It’s a quirk of fate that I happen to share a birthday with the U.S. Air Force, but it’s one that only helps drive home Secretary of the Air Force Heather Wilson’s comment that the service has been constantly flying combat missions for 26 years, since Operation Desert Storm in 1991. That’s more than a third of its 70 year history and nearly four fifths of my entire life. Wilson made her remarks on the first day of the Air Force Association’s (AFA) annual Air, Space, and Cyber Conference in Maryland.
Wilson went on to stress the need to restore the Air Force’s readiness, stabilize its budgets, and completely rethink how the service goes about conducting science and technology research. Her comments, as well as those of other senior leaders and industry partners who spoke at a number of panels, depicted an organization heavily engaged in present matters of national security – from tensions with North Korea to the ongoing fight against ISIS – as well as looking to transform itself to stay superior to any potential foe. Here are four takeaways from the opening day of the conference we at The War Zone think are especially important.
Readiness and budgets
Heather Wilson spent considerable time during her speech detailing a readiness crisis within her service. She said the Air Force was doing all it could to meet its operational demands, especially in the Middle East, as well as keep proficient in core national defense missions, such as nuclear deterrence.

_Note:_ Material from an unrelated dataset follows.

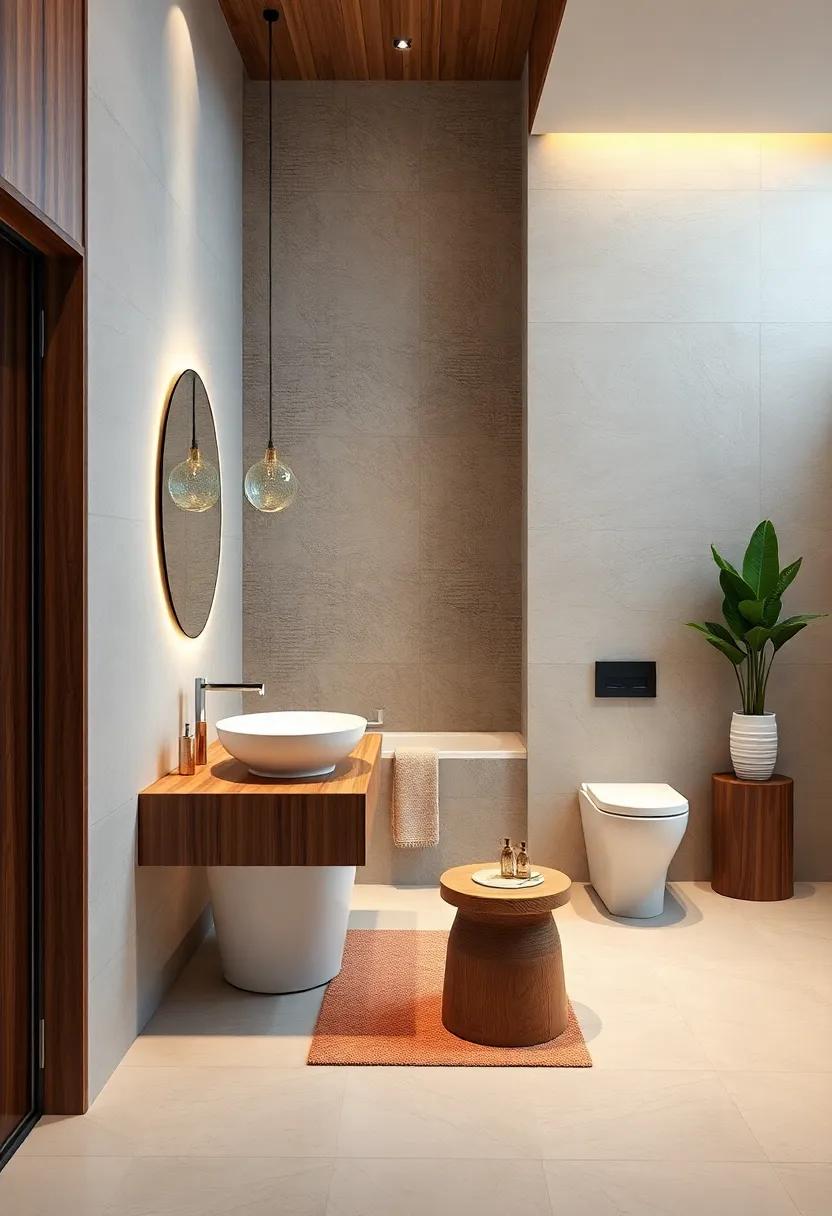 Dynamic Lighting: Creative lighting solutions ⁣combined with wooden features illuminate this bathroom, adding warmth⁢ and ⁤creating a welcoming ambiance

“It is not fair for this nation to ask our commanders to keep saying ‘We got this’ right up to the point of failure, because we don’t got this,” Wilson declared. “Low readiness for a crisis doesn’t mean we won’t go. We will go. What it means is that fewer will come back.”
Wilson highlighted the issue with an anecdote from a recent trip to visit Air Force units service in the Middle East in the fight against ISIS. She noted how some B-52 bombers had flown more than 570 sorties without any routine maintenance and performed more than 700 "danger close" strikes that could potentially put the friendly forces they're supporting at risk. She explained it was a mission Boeing never intended the aircraft to perform when it finished the design in the 1950s and that the same crews would have a nuclear readiness review upon returning to their home station at Minot Air Force Base in North Dakota.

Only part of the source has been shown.